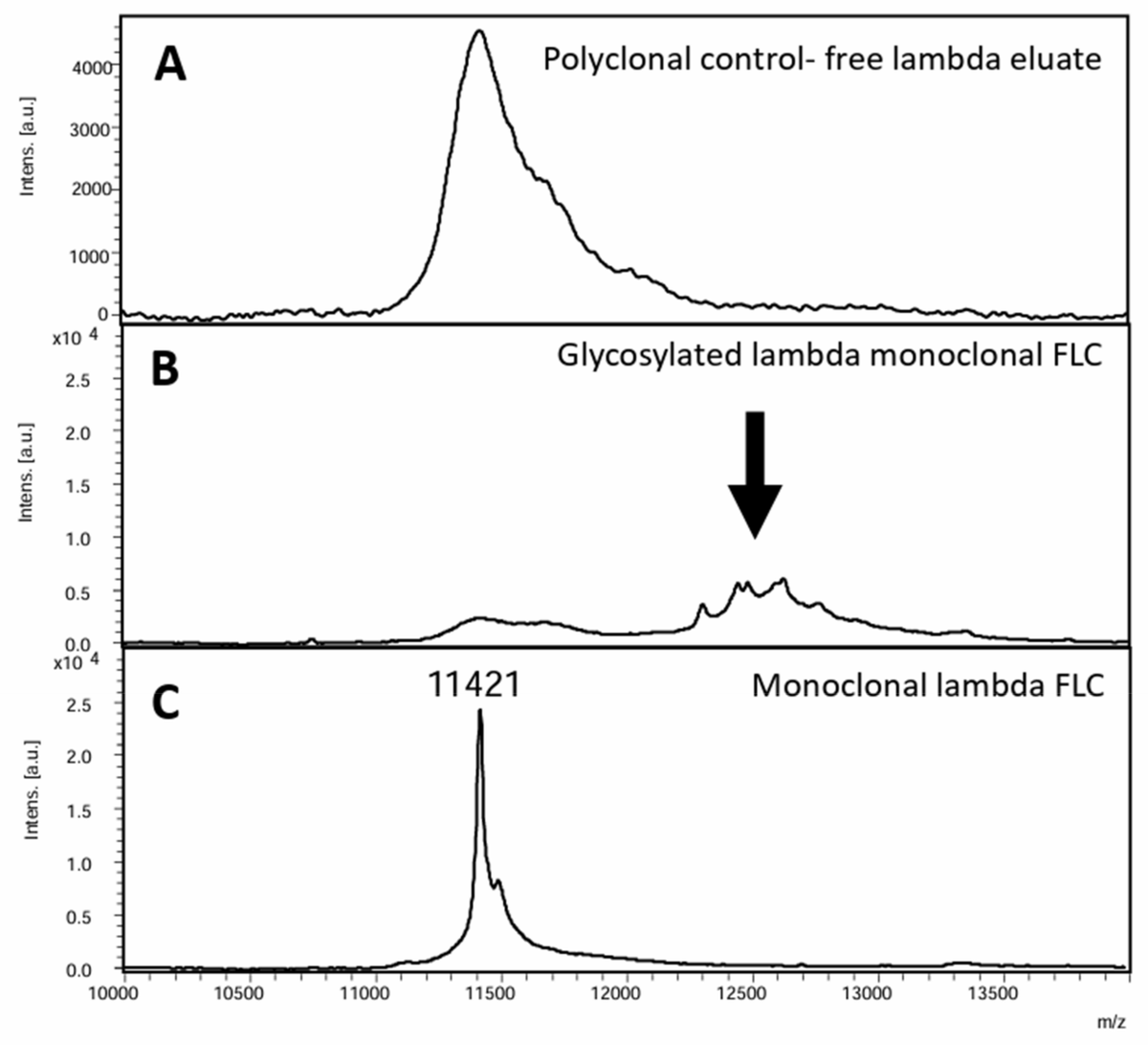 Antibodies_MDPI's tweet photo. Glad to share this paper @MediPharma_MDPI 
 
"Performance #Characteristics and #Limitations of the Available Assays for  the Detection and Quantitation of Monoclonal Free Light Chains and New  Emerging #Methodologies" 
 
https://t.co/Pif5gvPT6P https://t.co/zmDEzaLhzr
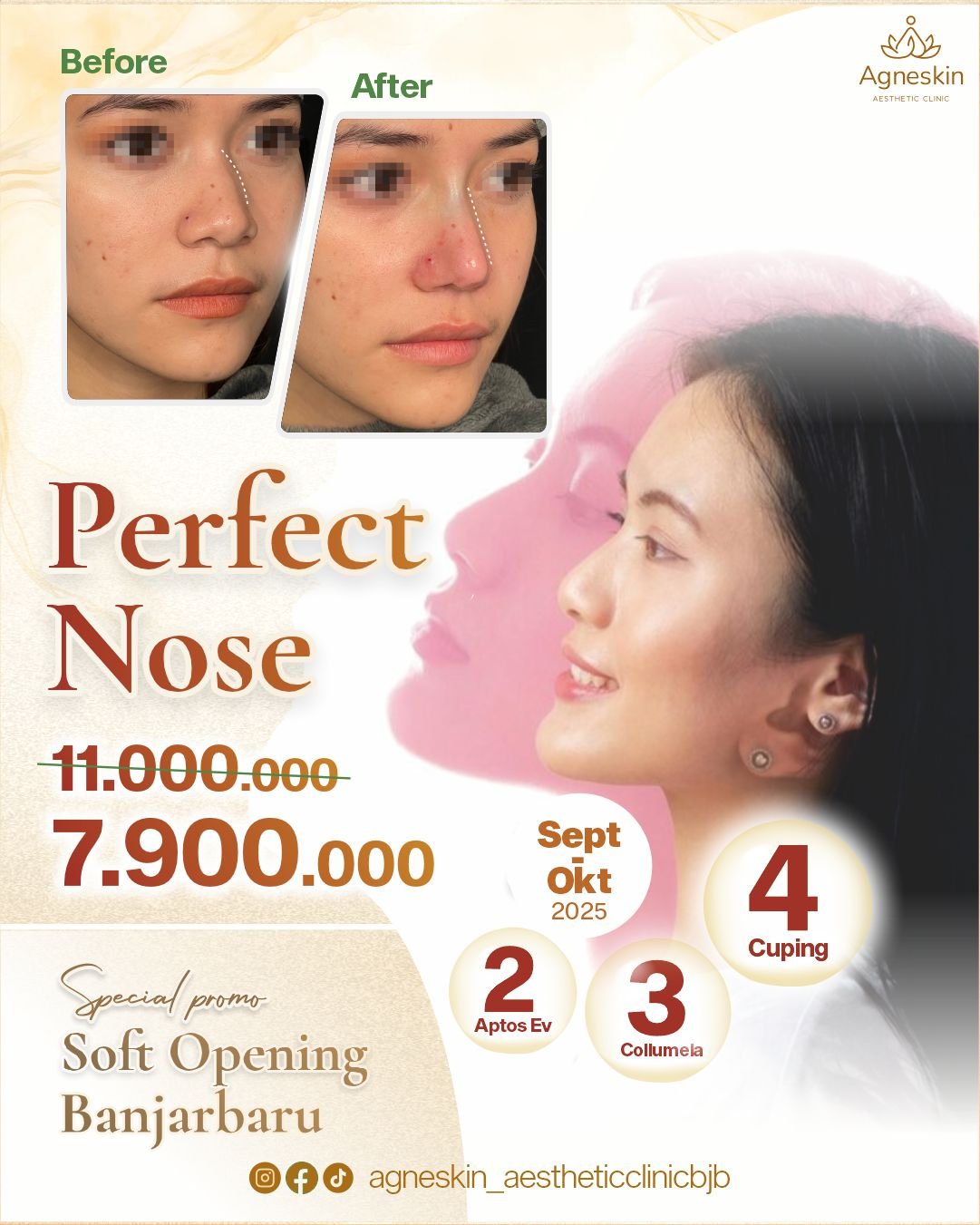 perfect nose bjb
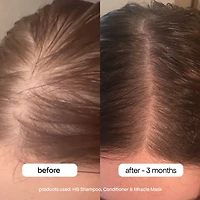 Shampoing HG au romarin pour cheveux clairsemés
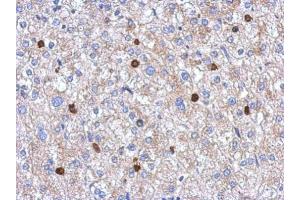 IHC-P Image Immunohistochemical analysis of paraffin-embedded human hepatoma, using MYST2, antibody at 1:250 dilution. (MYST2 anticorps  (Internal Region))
* * *
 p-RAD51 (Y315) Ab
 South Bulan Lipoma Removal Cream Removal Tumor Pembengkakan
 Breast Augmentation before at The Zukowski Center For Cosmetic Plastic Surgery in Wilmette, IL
--
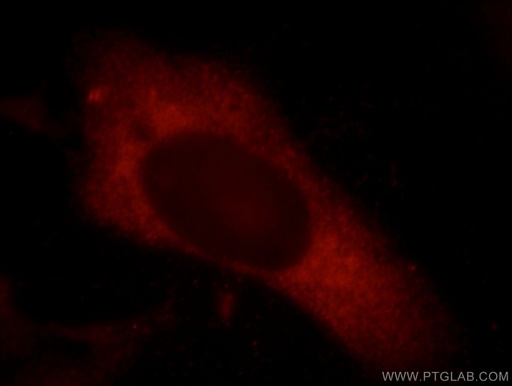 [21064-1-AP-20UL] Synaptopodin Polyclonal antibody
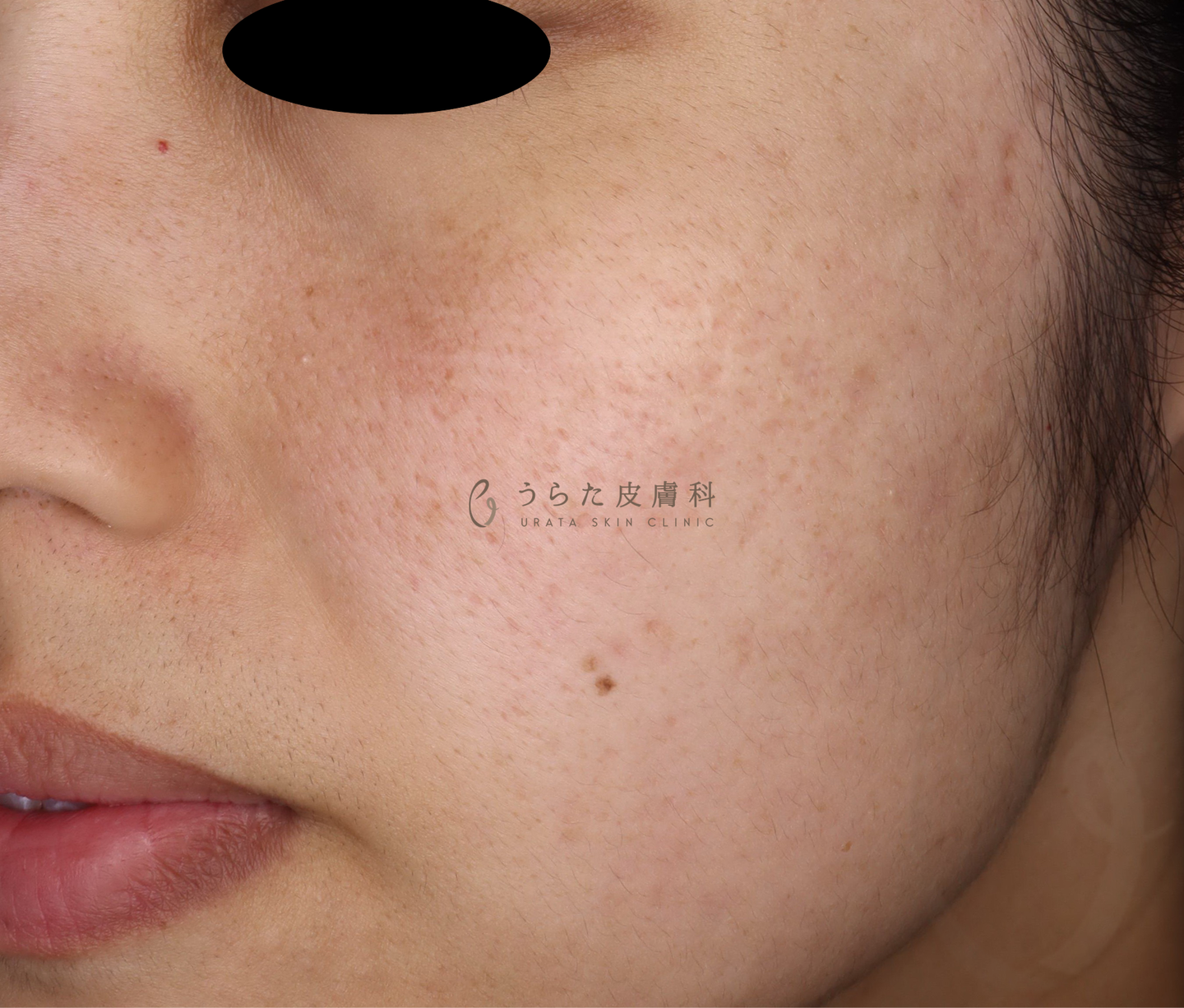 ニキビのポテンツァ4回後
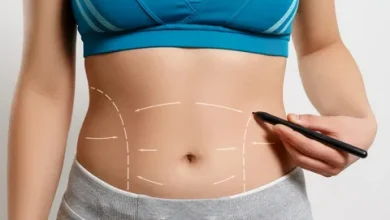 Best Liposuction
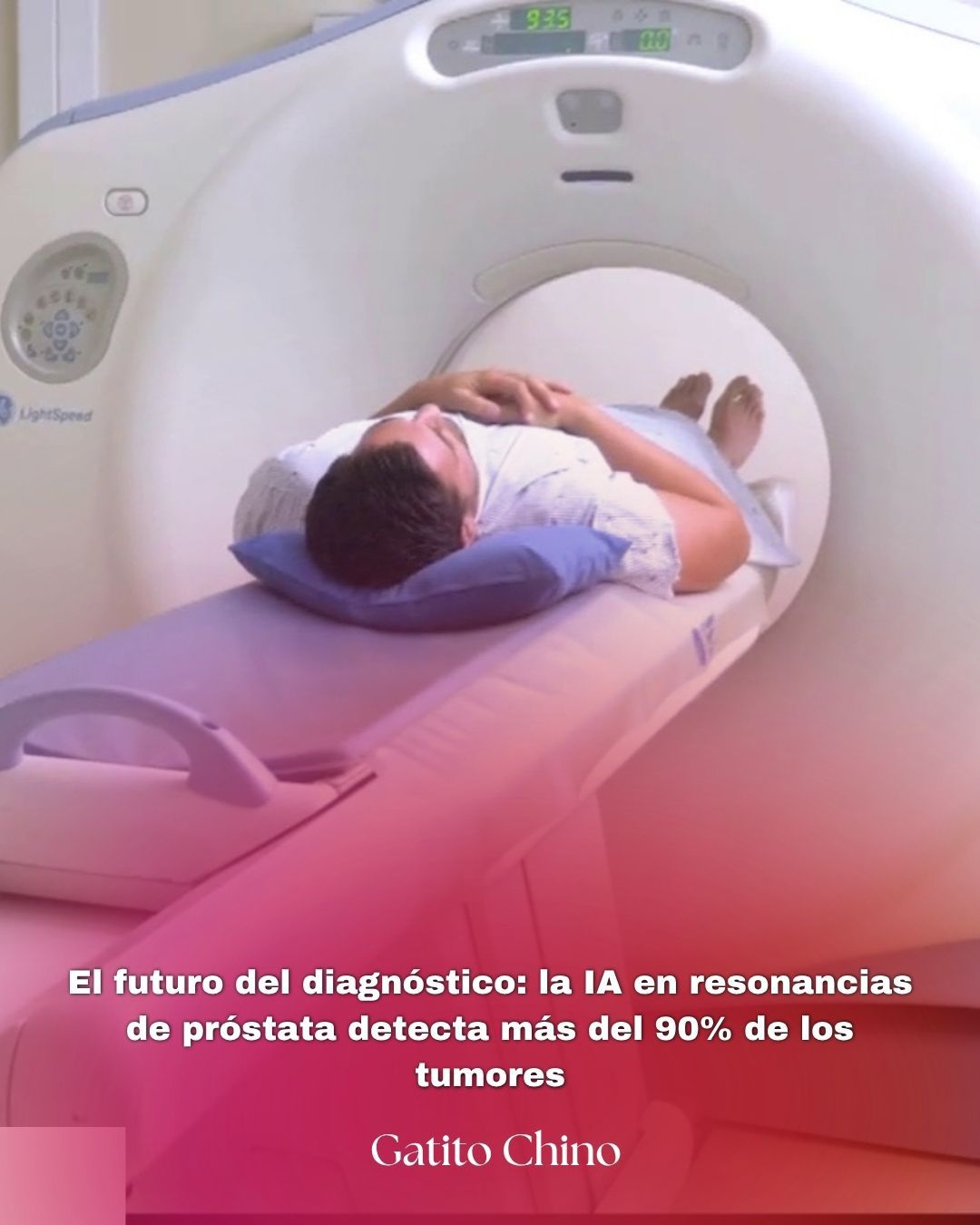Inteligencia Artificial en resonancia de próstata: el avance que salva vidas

Assignment
Reproduce the data above exactly, but only from the line containing "perfect nose bjb" through the line containing "IHC-P Image Immunohistochemical"; skip the pictures.

Answer to this task
 perfect nose bjb
 Shampoing HG au romarin pour cheveux clairsemés
 IHC-P Image Immunohistochemical analysis of paraffin-embedded human hepatoma, using MYST2, antibody at 1:250 dilution. (MYST2 anticorps  (Internal Region))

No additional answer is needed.